--- Material to process Enclosed Below ---

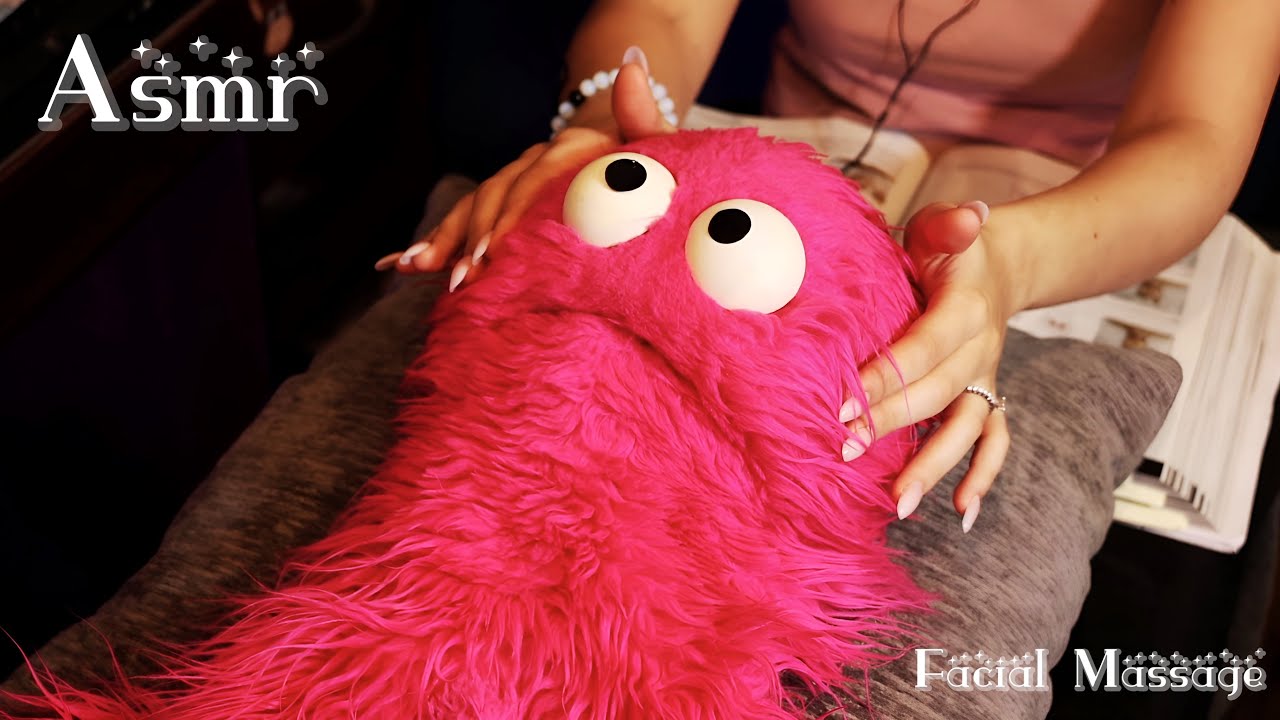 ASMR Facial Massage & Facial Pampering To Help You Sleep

--- End of Enclosed Material to process ---
--- Material to process Enclosed Below ---

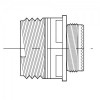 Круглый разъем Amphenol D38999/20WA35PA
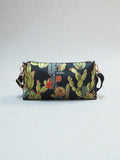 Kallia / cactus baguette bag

--- End of Enclosed Material to process ---

Work task:
Your reply should consist solely of the lines above from the line containing "Круглый разъем Amphenol D38999/20WA35PA" up to and including the line containing "Kallia / cactus baguette bag", reproduced exactly, minus the pictures.

Problem solution:
 Круглый разъем Amphenol D38999/20WA35PA
 Kallia / cactus baguette bag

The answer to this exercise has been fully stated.